Records from a collection
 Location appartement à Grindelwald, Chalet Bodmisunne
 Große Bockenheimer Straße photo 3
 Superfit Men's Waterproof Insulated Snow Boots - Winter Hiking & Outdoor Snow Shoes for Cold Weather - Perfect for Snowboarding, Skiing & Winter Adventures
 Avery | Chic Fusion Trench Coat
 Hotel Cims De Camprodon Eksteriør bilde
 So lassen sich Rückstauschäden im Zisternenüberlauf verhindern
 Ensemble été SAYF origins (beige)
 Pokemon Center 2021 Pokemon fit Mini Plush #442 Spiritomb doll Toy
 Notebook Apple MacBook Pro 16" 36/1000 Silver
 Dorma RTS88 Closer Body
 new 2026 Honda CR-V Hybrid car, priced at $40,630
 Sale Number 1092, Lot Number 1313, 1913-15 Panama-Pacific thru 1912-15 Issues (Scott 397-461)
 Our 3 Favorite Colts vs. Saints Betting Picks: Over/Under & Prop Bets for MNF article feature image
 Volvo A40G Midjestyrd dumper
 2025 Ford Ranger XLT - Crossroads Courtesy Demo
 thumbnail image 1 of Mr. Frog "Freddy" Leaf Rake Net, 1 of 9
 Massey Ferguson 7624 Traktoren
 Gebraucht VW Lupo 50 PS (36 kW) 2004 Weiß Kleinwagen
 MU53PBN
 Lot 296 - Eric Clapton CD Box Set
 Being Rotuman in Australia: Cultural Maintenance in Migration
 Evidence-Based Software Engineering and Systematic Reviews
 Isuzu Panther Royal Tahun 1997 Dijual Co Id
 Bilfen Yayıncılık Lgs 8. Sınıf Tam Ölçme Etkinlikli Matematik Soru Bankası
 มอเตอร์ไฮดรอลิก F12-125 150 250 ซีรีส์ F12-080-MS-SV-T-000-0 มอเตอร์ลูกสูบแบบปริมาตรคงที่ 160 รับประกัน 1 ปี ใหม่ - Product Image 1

■ WHAT YOU HAVE TO DO: Please return only the lines above, starting at the line that has "Hotel Cims De Camprodon Eksteriør bilde" and ending at the line that has "Dorma RTS88 Closer Body", keeping both and leaving each one unchanged.

■ RESPONSE:
 Hotel Cims De Camprodon Eksteriør bilde
 So lassen sich Rückstauschäden im Zisternenüberlauf verhindern
 Ensemble été SAYF origins (beige)
 Pokemon Center 2021 Pokemon fit Mini Plush #442 Spiritomb doll Toy
 Notebook Apple MacBook Pro 16" 36/1000 Silver
 Dorma RTS88 Closer Body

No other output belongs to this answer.